U.S. Open Notebook
Los Angeles Times
The golf notebook …
A JOLLA, Calif. ó He looked perfectly at home getting his practice work done on the putting green at Torrey Pines, and for Jim Furyk, that’s a good place to start.
It’s been five years since Furyk won the U.S. Open at Olympia Fields, his only victory in a major, but he’s had his chances.
Last year at Oakmont, Furyk tied for second with Tiger Woods. The year before that, at Winged Foot, he tied for second with Phil Mickelson and Colin Montgomerie.
Both times, Furyk was one shot out of a playoff.
This is his 13th U.S. Open, and the only one in which Furyk was under par was the one he won. It’s not clear whether that means he’s due or he’s not going to challenge.
Furyk said he hasn’t played up to his capabilities so far this year.
“I’m a little frustrated. I think that I haven’t played poorly this year, but I haven’t played well by any means,” he said. “I’ve struggled a little bit with the driver, which has been a strength of mine throughout the last five to eight years.”

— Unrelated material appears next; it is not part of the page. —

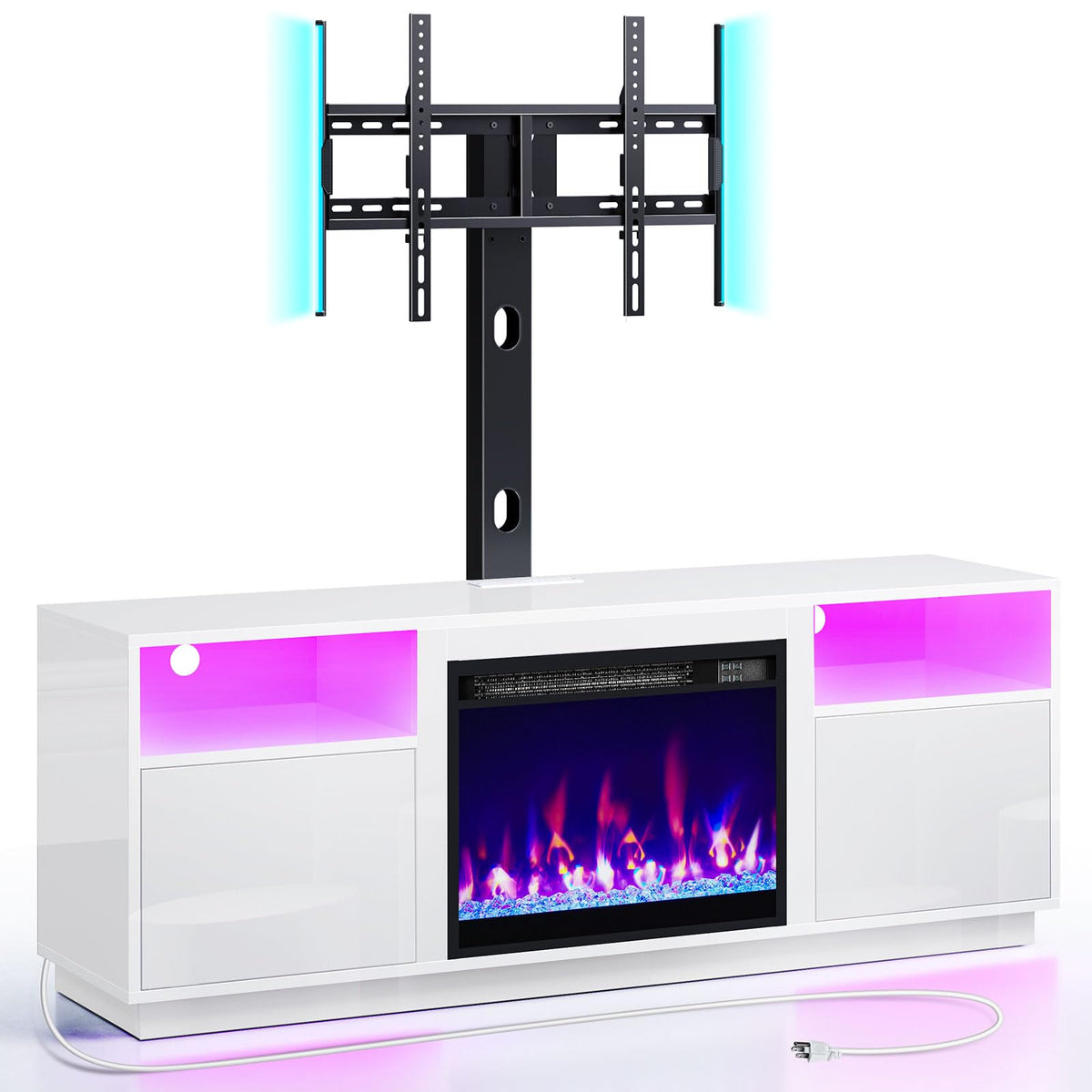 Rolanstar Fireplace Tv Stand With Led Lights And Power Outlets, Entertainment Center With Electric Fireplace, Swivel Tv Stand Mount For 45/55/60/65 Inch Tvs, Height Adjustable Tv Console, White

Furyk said he’s also had problems putting, but he thinks he’s straightened out both those woes.
He just hopes he can handle the length of Torrey Pines.
“I would say there is no way to disguise 7,600 yards,” he said.
Last year, Furyk ranked 171st in driving distance. He’s about the same this year, averaging 275.6 yards, or close to 37 yards less than driving distance leader Bubba Watson.
A man of few words, Woods was asked why his U.S. Open victory total remains at two, lagging behind his success rate in the other three majors.
Said Woods: “Less wins.”
Phil Mickelson raised some eyebrows when he said that the new teeing area at the par-five 13th is a terrible idea and a big waste of money. He was referring to the tee that makes the hole 614 yards and requires a drive of about 255 yards over a canyon to reach the fairway.
USGA vice president Jim Hyler wasn’t in the mood to hear that.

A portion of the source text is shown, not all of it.